- _Scraped caption text data_
┄┄┄┄┄┄
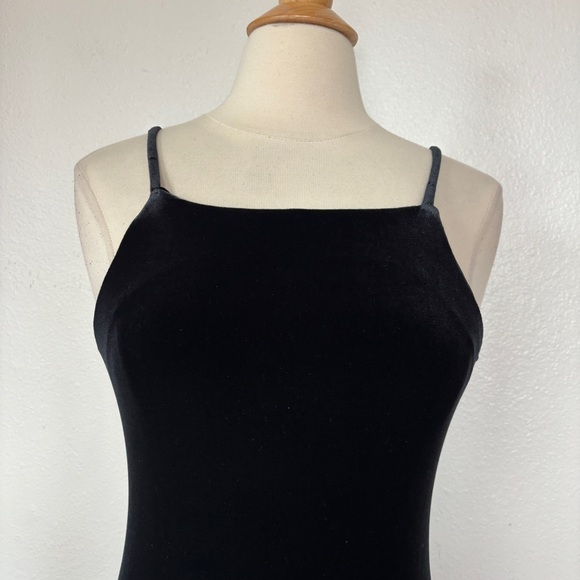 Vintage 90s Black Velvet Goth Witchy Maxi Dress - Picture 7 of 12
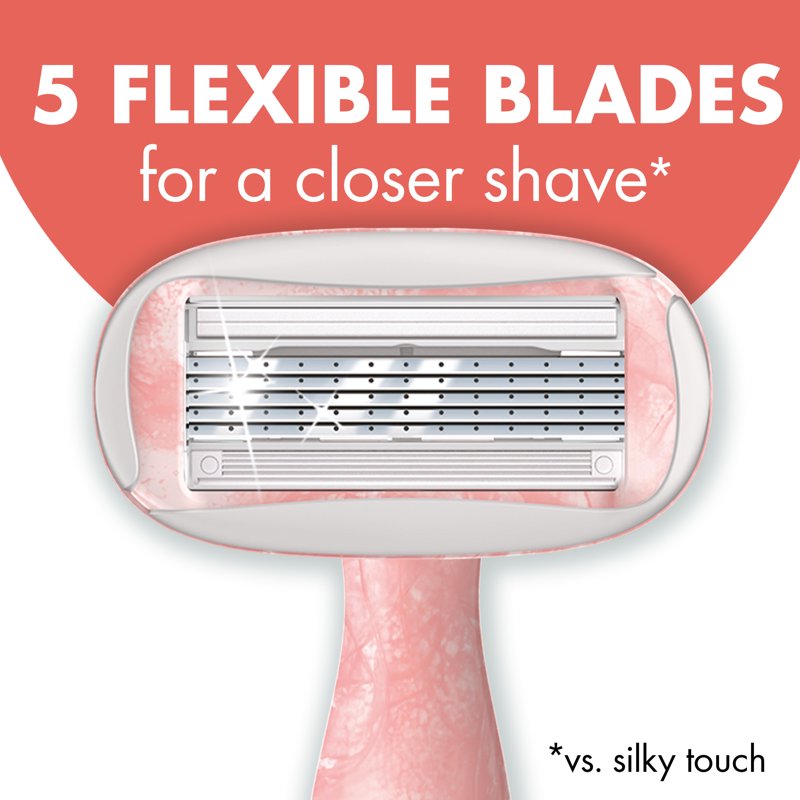 Women's Disposable Razors with 5 Blades & Scented Handles – Peach & Pineapple, 2 Pack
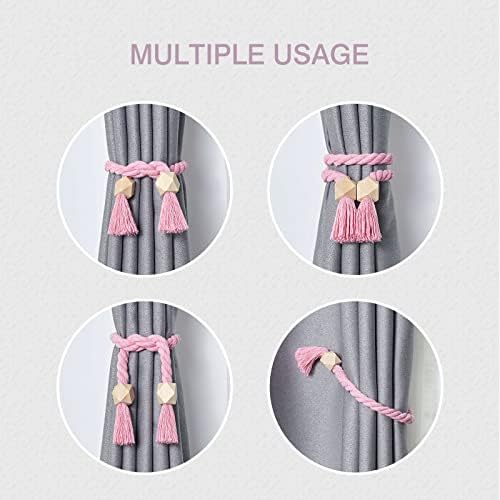 NICEEC 2 Pack Wooden Polyhedron Magnetic Curtain Tiebacks Boho Home Decor Drape - Image 6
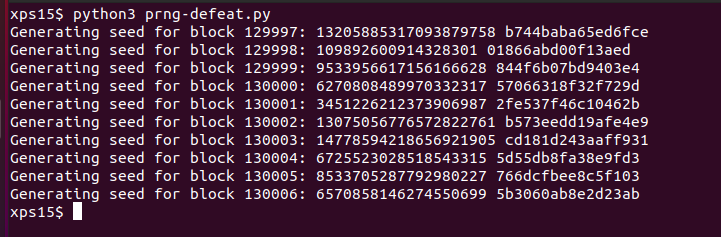 Output from PRNG predictor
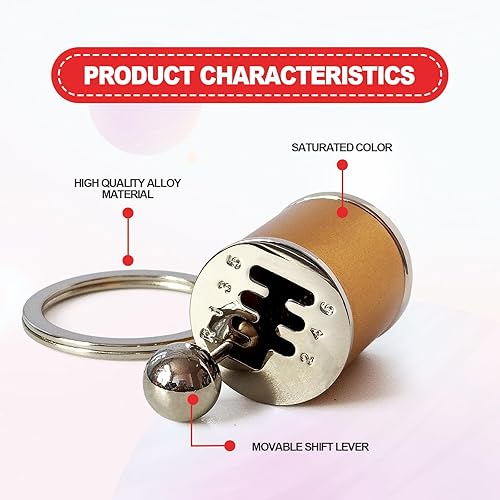 Miniatura 10 de Vrasly Llavero de cambio de caja de cambios automática, llavero de engranajes de cambio de automóvil de seis velocidades, cadena de caja de cambios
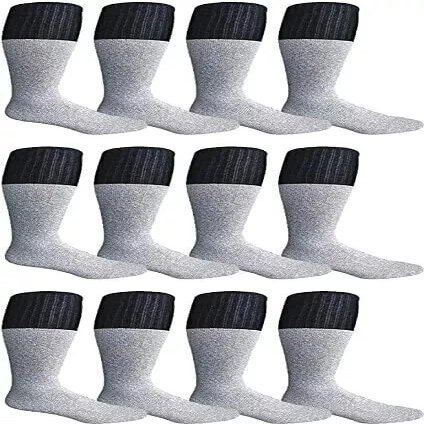 60 Pairs Diabetic Thermal Crew Socks, Loose Fit for Unrestrictive Comfort, Thick and Warm for Winter, Unisex Mid-Calf Hosiery Size 9-11 - Black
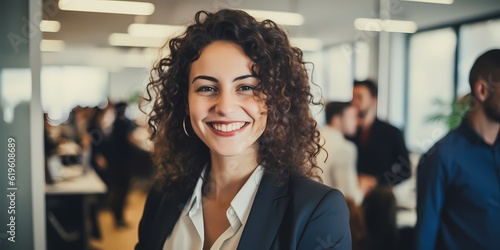 smiling business woman, office, business photo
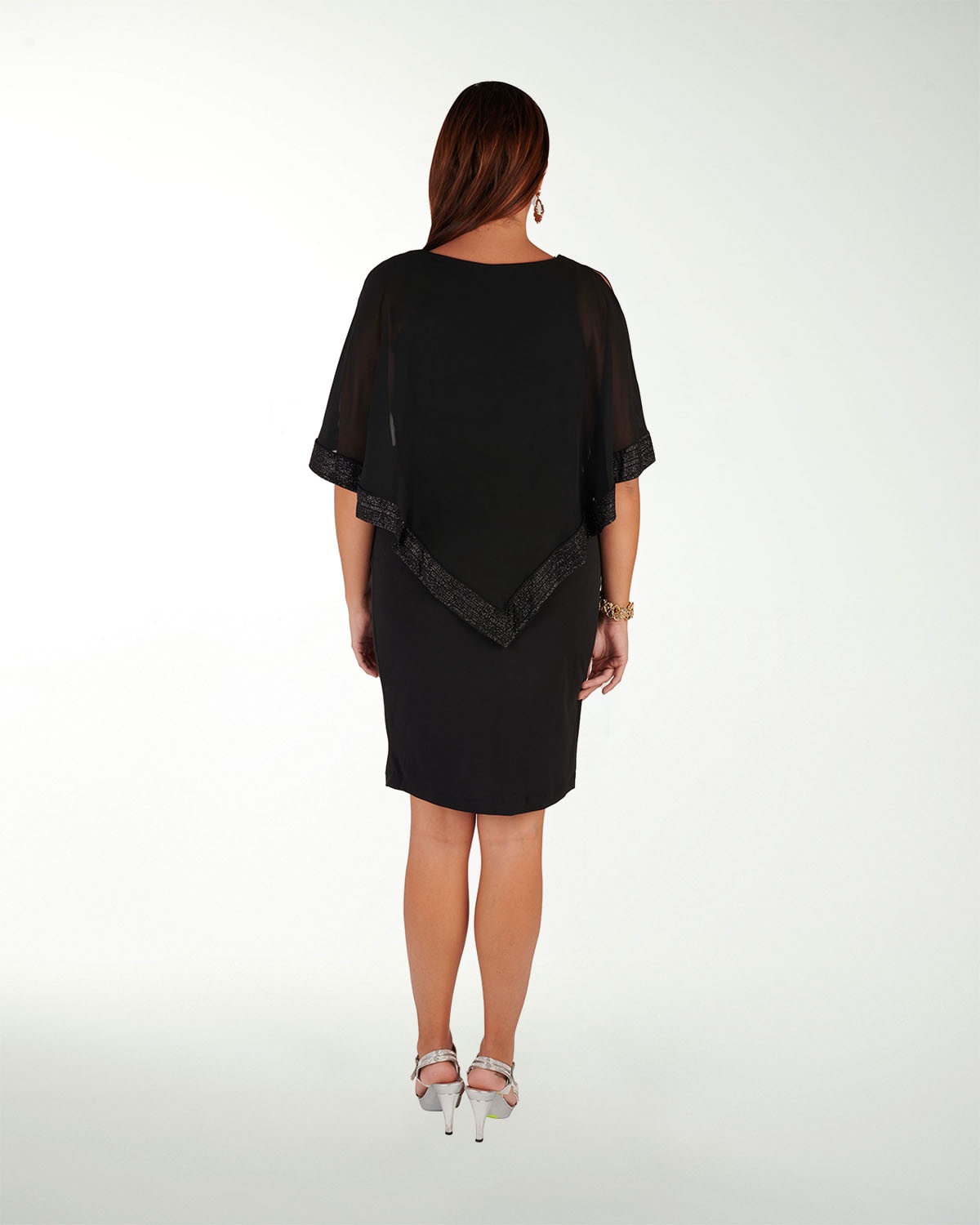 VESTIDO TE LICRA CON BRILLO EN CAPA VESTIDO TE LICRA CON BRILLO EN CAPA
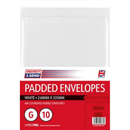 10pk Padded Envelopes Size G 240x335mm White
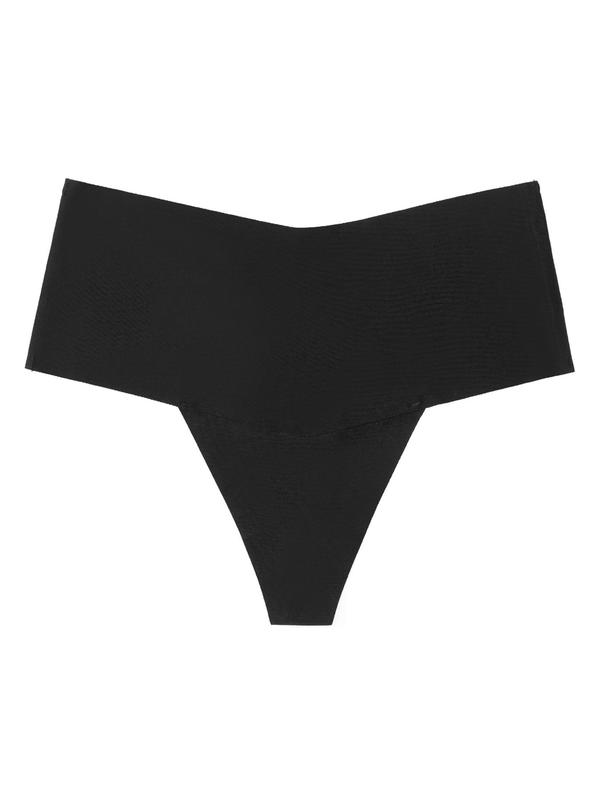 Women's Solid Color High Waist Thong, Breathable Comfortable Seamless Panty for Daily Wear, Ladies Underwear for All Seasons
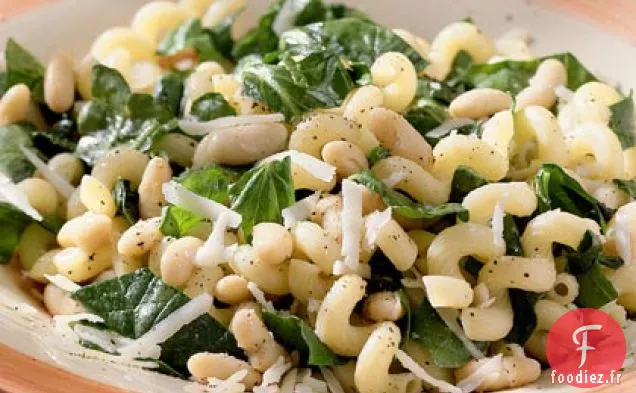 Cavatappi aux Épinards, Haricots et Fromage Asiago
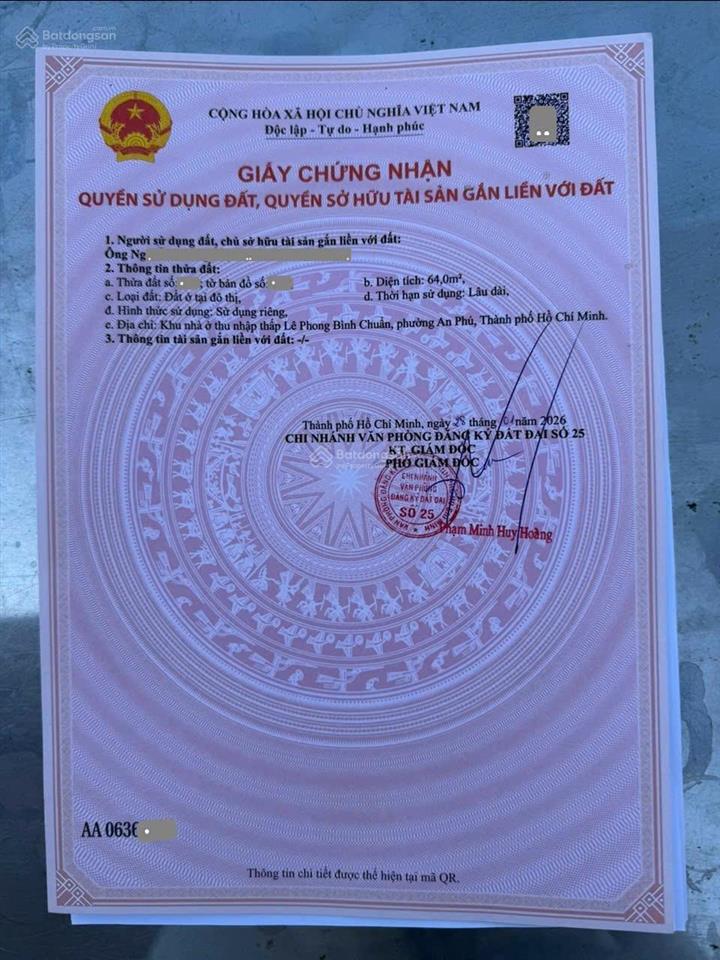 Bán nhà 1 trệt 2 lầu đúc 3 tấm sổ hồng hc ( 3 mặt lấy dc gió thoáng ) 64m ful thổ cư & nội thất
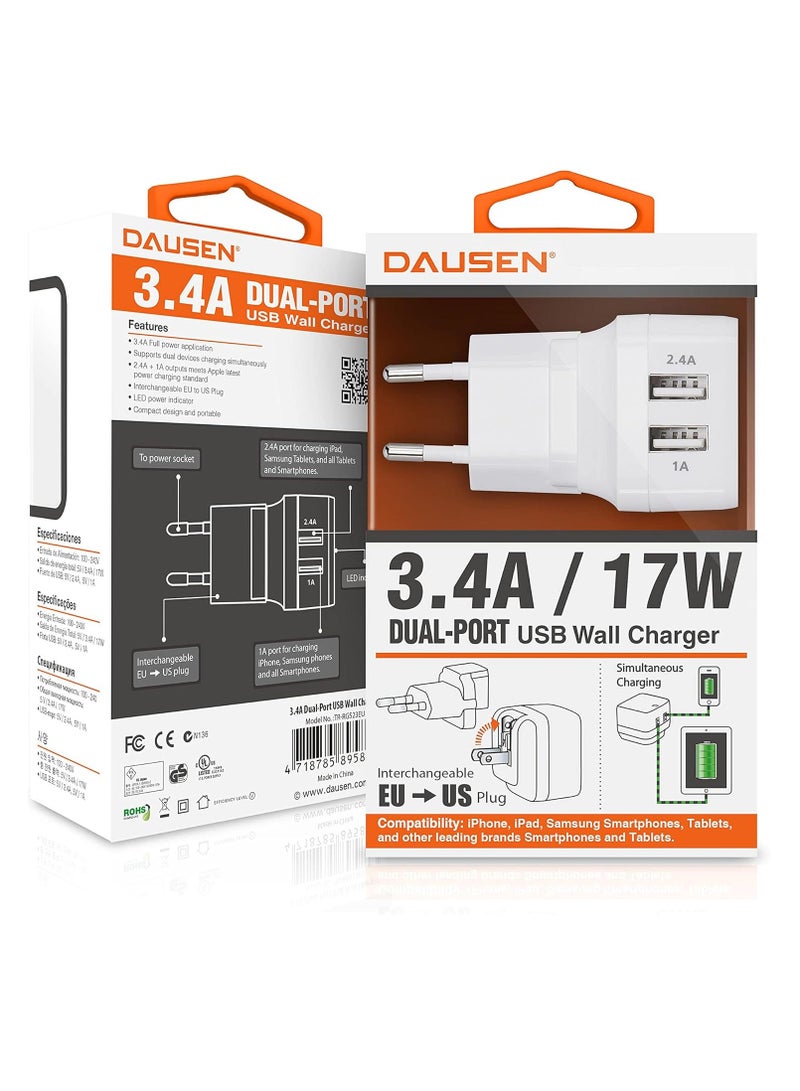 دوسن شاحن السفر DAUSEN 3.4A USB (الاتحاد الأوروبي) - Image 1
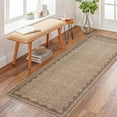 thumbnail image 3 of Scalloped Runner Rug 2'x6' for Hallway & Bathroom - Non Slip, Machine Washable Soft Carpet - Kitchen, Bedroom, Nursery Floor Mat (Coffee), 3 of 7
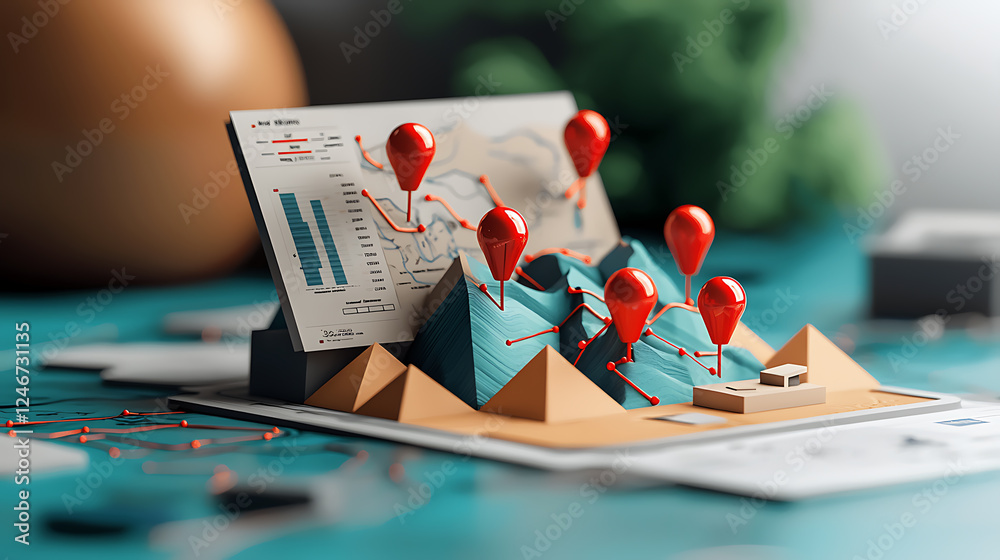 Poster data visualization analysis geographical mapping infographic presentation business environment aeria
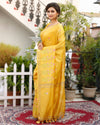 Poised Silk Linen Embroidered Mustard Saree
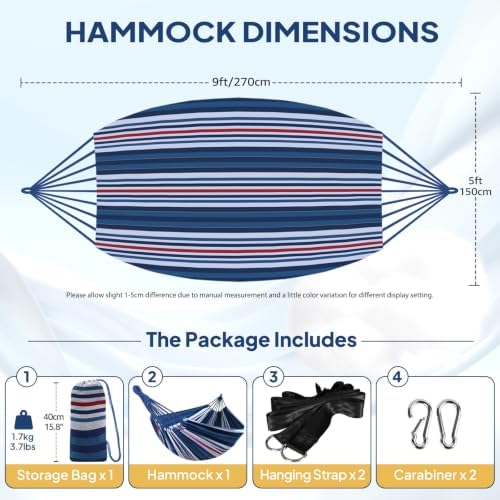 ANYOO Cotton Camping Hammock Portable - Image 2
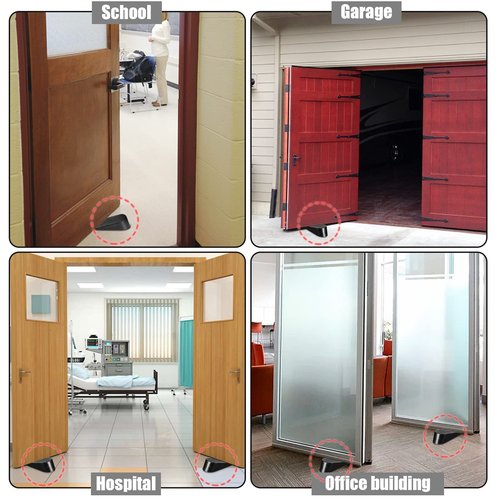 Big Door Stopper Heavy Duty Wedge Rubber Door Stop Works on All Floor Surfaces Height up to 1.9 Inches Non-Scratching Doorstops Special for Home Office School Heavy Door (4 Packs, Black)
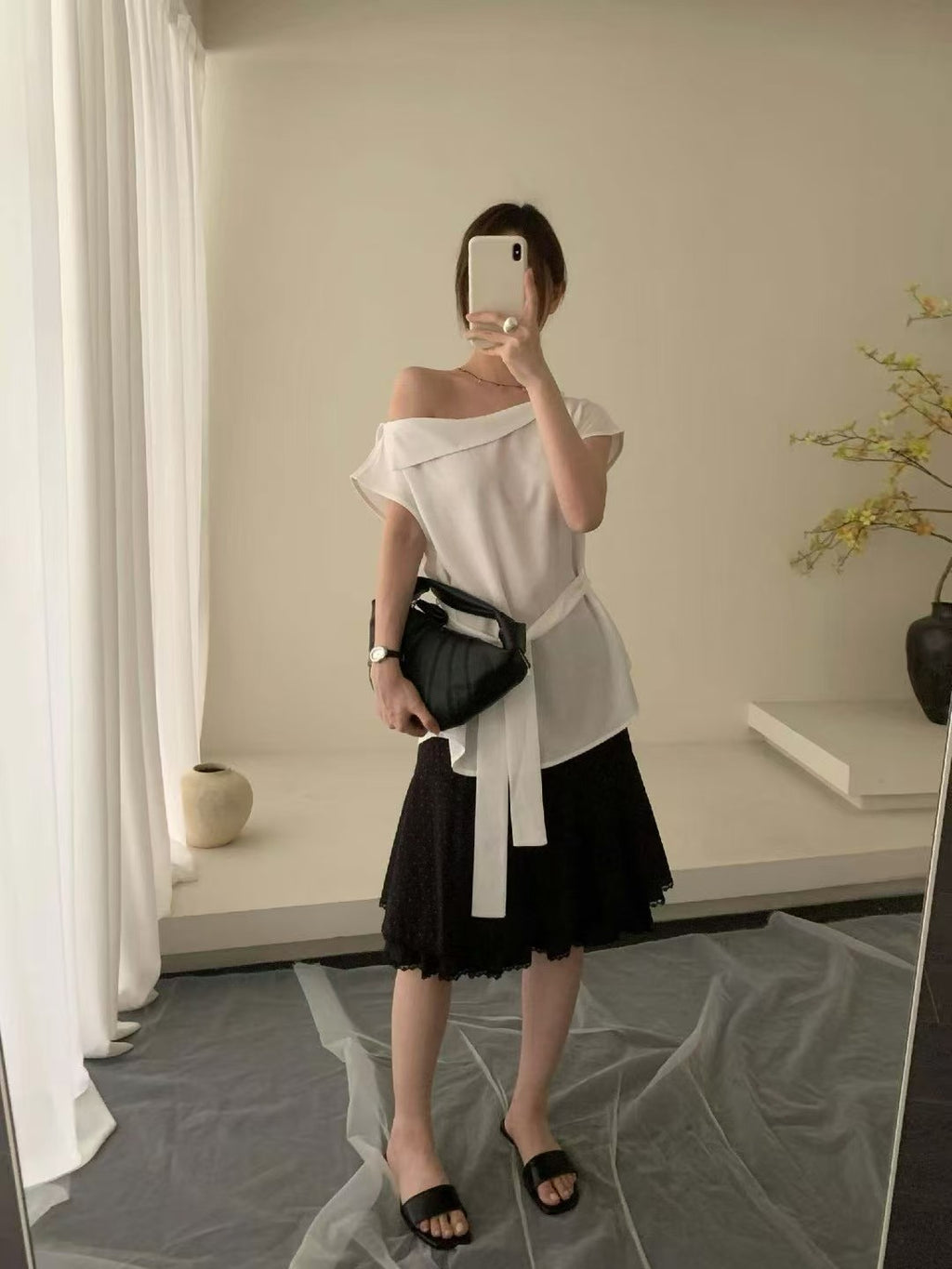 One Side Off Shoulder Shirt Top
┄┄┄┄┄┄
- _WORK REQUEST_
Can you quote exactly, and only, the lines from the one containing "ANYOO Cotton Camping" through the last line of the records above, keeping both ends and leaving out any pictures?

- _EXPECTED ANSWER_
 ANYOO Cotton Camping Hammock Portable - Image 2
 Big Door Stopper Heavy Duty Wedge Rubber Door Stop Works on All Floor Surfaces Height up to 1.9 Inches Non-Scratching Doorstops Special for Home Office School Heavy Door (4 Packs, Black)
 One Side Off Shoulder Shirt Top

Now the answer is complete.